Monday, June 23, 2008

1970 Knitting In The Office

I didn’t think I had much in common with the other women. They sat all day at their metal desks, six lined up in the center of the room, three facing the walls, working at their adding machines and typewriters. I was in graduate school and after morning classes, worked afternoons in the university’s accounting department processing invoices. Each day I arrived during the lunch hour to find a big stack of invoices on my desk. My job was to take out the staples, put the invoice together with supporting papers in order with the invoice on top, staple the stack back together, add up the amount payable, stamp the invoice with a big rubber stamped form and fill in the blanks with the payee, invoice date, invoice number and amount to be paid. With slight variation, it was what we all did. Invoices were received in the mailroom; date stamped and assigned a number. Each of us was given part of the numerical sequence.

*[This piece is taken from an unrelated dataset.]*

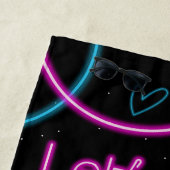 ネオングローローラスケートで滑るレッツガール転が ビーチタオル (インサイチュ)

Promptly at 3:00 the yarn came out and for 15 minutes the women knit. I watched baby blankets, sweaters and one bikini take form. They knit every day during their morning and afternoon breaks. They knit at lunch too. They were cheerful and friendly and when one day I brought in yarn, they helped me. I began coming in earlier during the lunch hour to join them knitting before starting my work.

Most of them had returned to work after raising children and still went home at night to cook dinners and keep house for their husbands.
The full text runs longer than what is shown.